*YOUR INSTRUCTIONS*
Your task is to give the data again, exactly, with every line intact.

*PROVIDED MATERIAL*
= Beginning of Section =

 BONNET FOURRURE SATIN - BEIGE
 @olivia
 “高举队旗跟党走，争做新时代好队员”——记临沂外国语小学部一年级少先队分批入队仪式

= End of Section =

*RESULT BELOW*
 BONNET FOURRURE SATIN - BEIGE
 @olivia
 “高举队旗跟党走，争做新时代好队员”——记临沂外国语小学部一年级少先队分批入队仪式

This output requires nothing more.